AMD ROCm is the software stack for AMD Instinct accelerators, and the Kubernetes resource name is commonly amd.com/gpu. AMD provides a device plugin and GPU Operator, while some on-premises teams still split responsibilities between host image pipelines for drivers and Kubernetes manifests for the device plugin. Intel Gaudi accelerators commonly expose habana.ai/gaudi, and scale-out training can shift complexity toward RoCEv2 networking, NIC firmware, lossless Ethernet behavior, and topology-aware placement. The accelerator is never the whole platform; the host, runtime, scheduler, network, telemetry, and tenant contract are part of the product.
| Ecosystem | Common Resource Name | Kubernetes Integration Pattern | Senior Design Concern |
|---|---|---|---|
| NVIDIA | nvidia.com/gpu | GPU Operator, device plugin, CDI, DCGM Exporter, MIG Manager | Driver/runtime matrix, MIG strategy, telemetry cardinality |
| AMD ROCm | amd.com/gpu | AMD device plugin, AMD GPU Operator or host-managed drivers, AMD telemetry exporter | ROCm framework compatibility and image supply chain |
| Intel Gaudi | habana.ai/gaudi | Habana device plugin and vendor runtime stack | RoCEv2 fabric, scale-out training topology, framework support |
The legacy device plugin framework remains simple and durable, but heterogeneous AI clusters expose its limits. A workload can request nvidia.com/gpu: 1, yet that request does not naturally express an 80GB memory requirement, a tensor core generation, a hardware isolation requirement, a topology relationship between two devices, or an auditable claim object. Platform teams can work around those gaps with node labels, affinity, admission controllers, queueing systems, and naming conventions, and those workarounds are sometimes enough. They can also become brittle as the fleet grows.

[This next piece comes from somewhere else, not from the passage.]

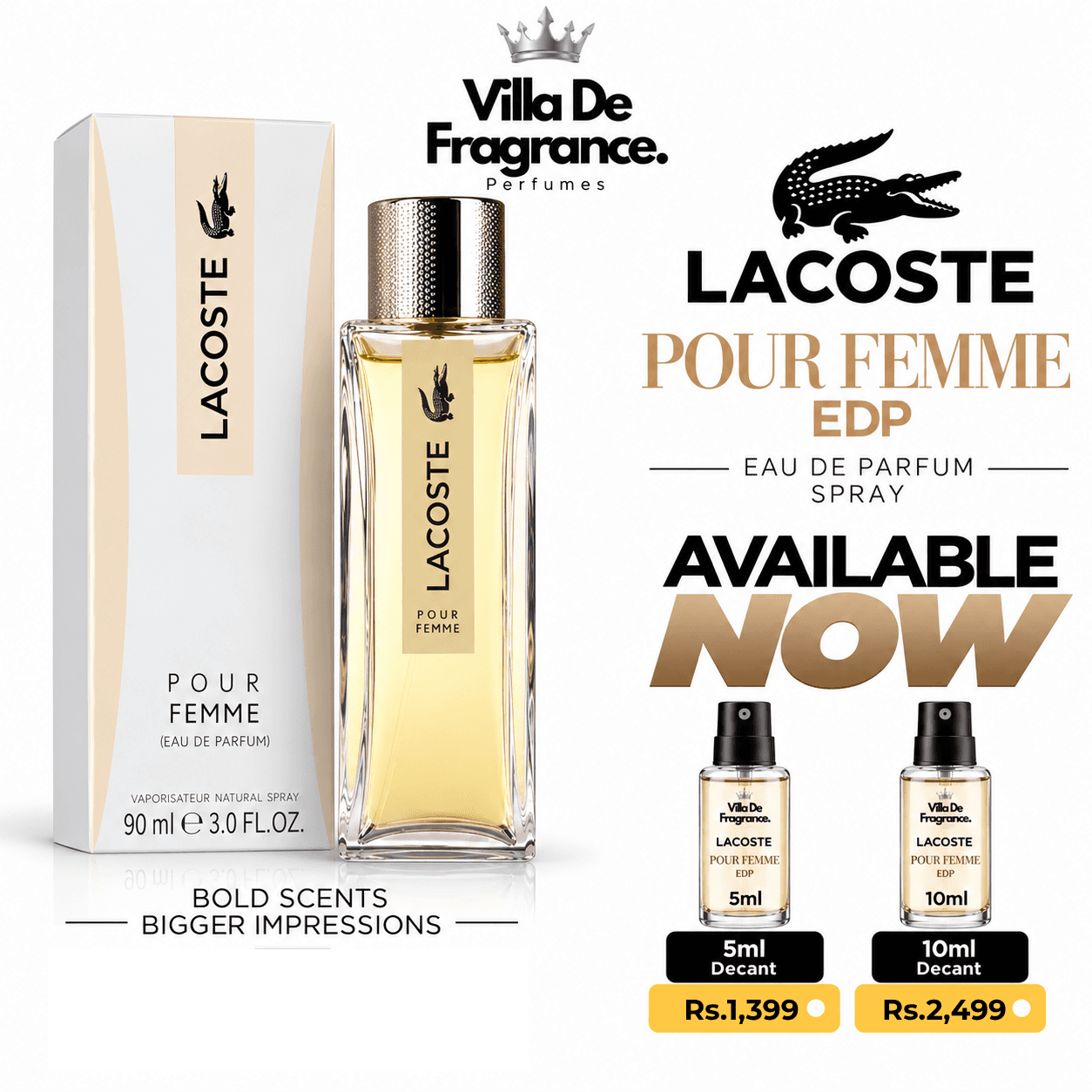 Lacoste Pour Femme decant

Dynamic Resource Allocation is Kubernetes’ newer model for requesting and allocating devices. In Kubernetes v1.35, DRA is stable and enabled by default, with APIs in resource.k8s.io/v1. The core objects are DeviceClass, ResourceSlice, ResourceClaim, and ResourceClaimTemplate. A DRA driver publishes available devices through ResourceSlices, an administrator defines DeviceClasses, and workloads request devices through claims. The model is intentionally similar to storage: instead of asking for one anonymous disk, a workload asks for a claim with class and properties.

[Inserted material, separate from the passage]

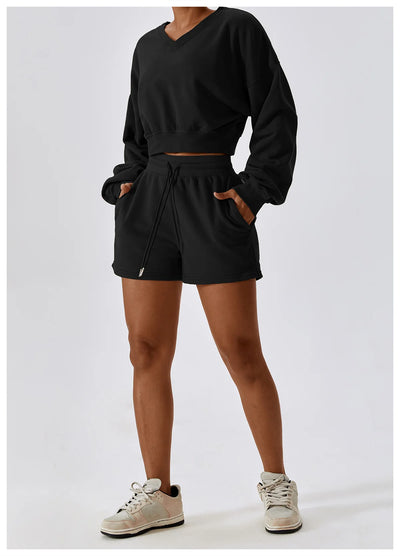 Loose Sport Shorts With Drawstring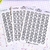 LETRAS CARITAS | Sticker Sheet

+---------------------+ +---------------------+| DRA Driver | | Cluster Admin || Publishes | | Defines || ResourceSlices | | DeviceClasses |+----------+----------+ +----------+----------+ | | v v+---------------------------------------------------+| Kubernetes resource.k8s.io/v1 APIs || DeviceClass + ResourceSlice + ResourceClaim |+--------------------------+------------------------+ | v+---------------------------------------------------+| Scheduler allocates matching device and selects || a node that can provide it |+--------------------------+------------------------+ | v+---------------------------------------------------+| Kubelet and DRA driver prepare device access || for the pod on the selected node |+---------------------------------------------------+| Design Question | Legacy Device Plugin | Dynamic Resource Allocation |
|---|---|---|
| How does a workload ask for a device? | Integer extended resource such as nvidia.com/gpu: 1. | ResourceClaim or ResourceClaimTemplate referencing a DeviceClass. |
| How are device attributes selected? | Usually node labels, affinity, resource names, and admission policy. | Claim selectors and driver-published attributes, including CEL where supported. |
| How visible is allocation intent? | Mostly inside Pod resource requests and node assignment. | Separate ResourceClaim objects make device intent more explicit. |
| How mature is ecosystem support? | Broad and established. | Stable in Kubernetes v1.35, but vendor driver maturity varies. |
| Best fit | Standard GPU scheduling, established operator workflows, simpler fleets. | Heterogeneous fleets, rich device attributes, future-facing platform APIs. |
Do not turn DRA into an ideology. Use the legacy model where the vendor operator and tenant requirements are already satisfied, and use DRA where claim-based device selection, richer attributes, or cleaner platform APIs justify the new driver dependency. Decision prompt: your platform has older 16GB inference GPUs and newer 80GB training GPUs. Would you start with node affinity on product labels, DRA claims, or both? A pragmatic transition often uses both: legacy resources for today’s supported path, admission policy to protect premium hardware, and DRA where the driver can publish the attributes the platform wants tenants to request.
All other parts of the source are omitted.